Dot Wordsworth

Rat

Rat

issue 03 September 2011

Libyan rebels called Colonel Gaddafi a ‘rat’ before he lost power — not because he was in a hole, but just as an all-purpose insult. And he had called them rats too in a similar spirit. Yet the only Arabist I have been able to catch told me that rat is not a usual animal insult in Arabic, dog being the standard strong term, or donkey, which would scarcely occur to an English speaker.

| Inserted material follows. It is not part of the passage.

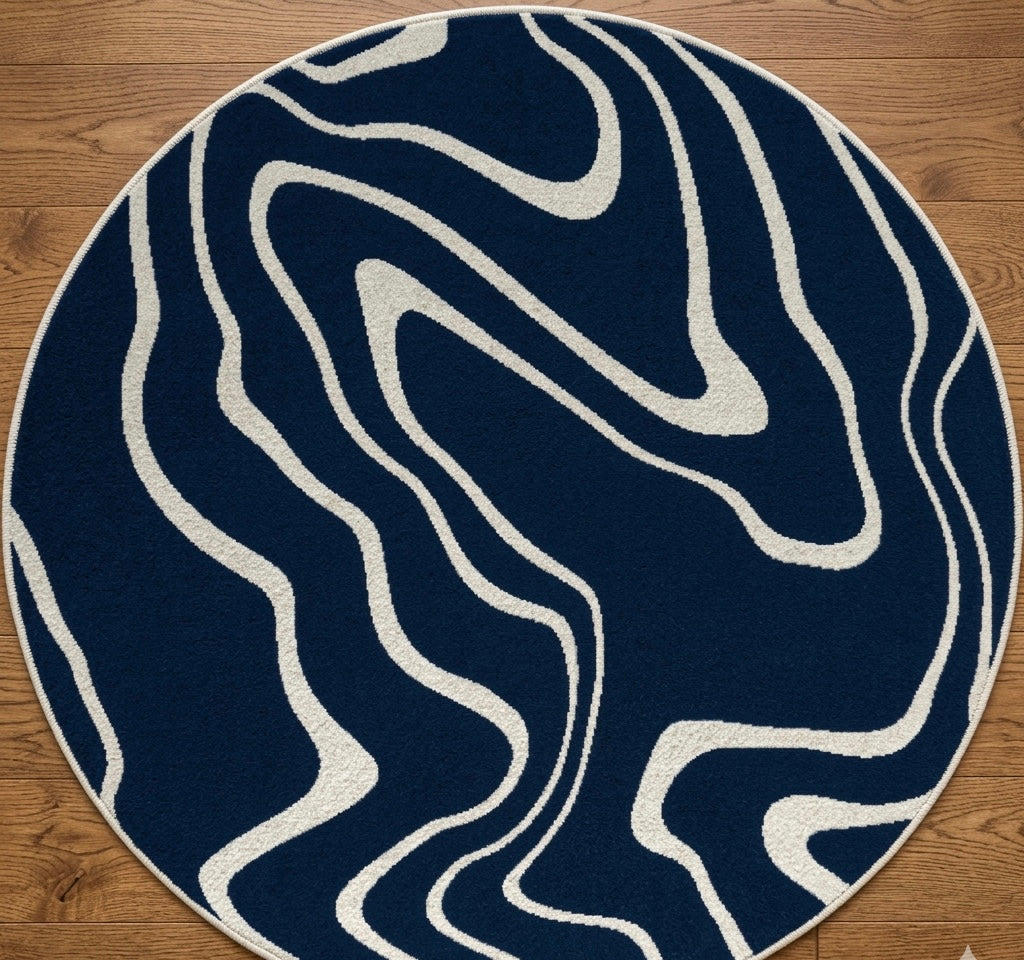 Strova Dusk Blue Round Rugs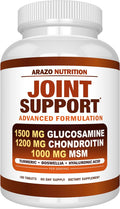 Arazo Nutrition Glucosamine Chondroitin Turmeric Msm Boswellia - Joint Support Supplement for Relief 180 Tablets for Bones, Back, Knees, Hands (180 Tablets)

English is uneven in its animal insults. Dirtiness seems to be the key. Pigs, which we like to eat, show at Blandings and happily turn into children’s characters, from Pinky and Perky to Peppa, still remain available as a term of abuse. It is just that the strength of the insult depends on the accompanying adjective. ‘You greedy pig’ has often been said affectionately. ‘You dirty pig’, seldom.

Dirtiness in animals is not a question of whether they wipe their hooves on the mat. Horses are definitely not dirty, and are not a term of insult. Dogs, like children, we pretend to be fond of, yet their carnivorous, scavenging ways give them a smear of uncleanness. Even so, dog, as an insult, has an air of archaism. Jonathan Swift used to write ‘dog’ in the margin of Bishop Burnet’s History of His Own Time, for Burnet was a Whig. Yet when Samuel Johnson declared that he did not let the Whig dogs have the best of it, he might on the same day have called some slightly disreputable friend a ‘gay dog’. By Dylan Thomas’s day, young doggishness could be a badge of pride.

Rattiness (beyond the irritable kind) remained a far from lovable quality, despite exceptions like Rat in The Wind in the Willows. It might be objected that Ratty is a water vole, but Ernest Shepard’s illustrations reveal the long, smooth tail of Rattus rattus.

Like some crumbling Castilian town that has been going downhill since 1484, ‘rat’ has lost its fatal punch since the day in Richard III’s reign when Sir William Colyngburn had his life cut short by pasting up the couplet about ‘The Cat, the Rat and Lovel our Dog’. But perhaps, as in Libya recently, the real question is whom you say it about, and who’s in charge.